Although the surrealistic influence is new, this painting still shows his meticulous rendering of the built world, with a wood-paneled dwelling dominating the top right third of the painting. Its blue eaves and window edges "rhyme" with the blue of the sky. The two dormers stick out of the house's face at improbable angles, the one in the background seeming subject to the pull of the arc of the brick structure. This structure itself suggests a bridge, with the water underneath likewise at a surprising angle to the bridge. This water is painted as if the viewer is looking into a well. The water is implied skillfully through the presence of ripples, but ultimately left transparent, so the viewer can see a small clutch of narwhales.

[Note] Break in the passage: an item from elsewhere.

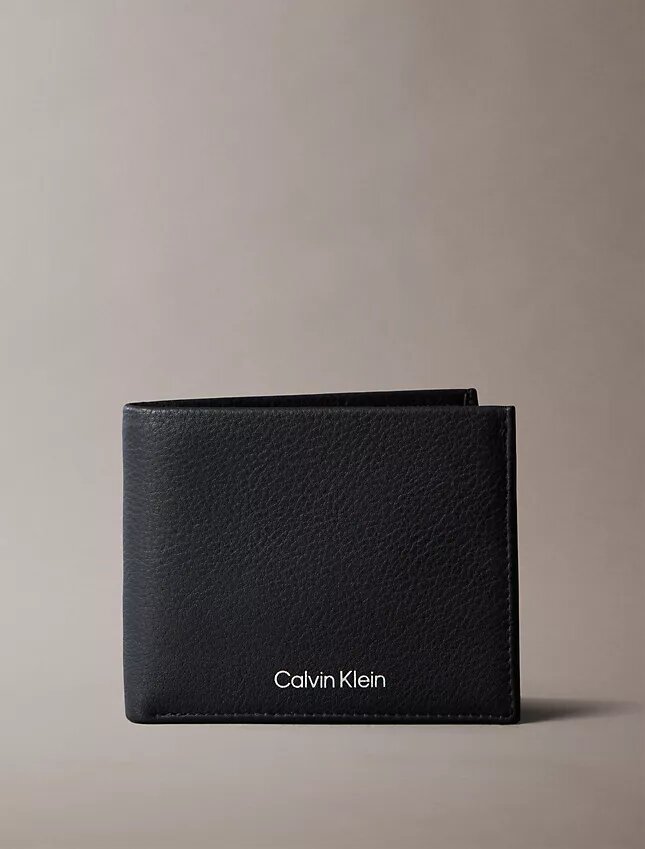 Cartera doble de piel con grano de guijarro Cartera doble de piel con grano de guijarro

To the right of the painting, the bricks lose their cohesiveness in a furious fire that evokes creation and destruction simultaneously. Creation is suggested through the connotative association of bricks to the ovens in which the materials of earth are transformed into bricks by human labour. All the elements are represented. A herd of land animals gathers at the apex of the brick bridge; narwhales swim in the pebble-bedded well water; and two butterflies dominate the air in the upper left third of the painting. The tree, emerging out of the clouds in the sky, is an organism of the earth; half of the tree in reality -- the root system -- hides underground.
The herd of animals on the bridge are painted in a more ambiguous manner than the incredible detail of other areas of the painting. When I spoke with the artist, he said he painted pairs of animals – giraffes, elephants, seals, deer, and bears – to represent in partial form the story of Noah's Ark, which puns on the arc-like curve of many of the lines of the painting. Putting the focus on the butterflies effectively challenges the tradition of centering the focus of the painting, and emphasizes the notion of transformation.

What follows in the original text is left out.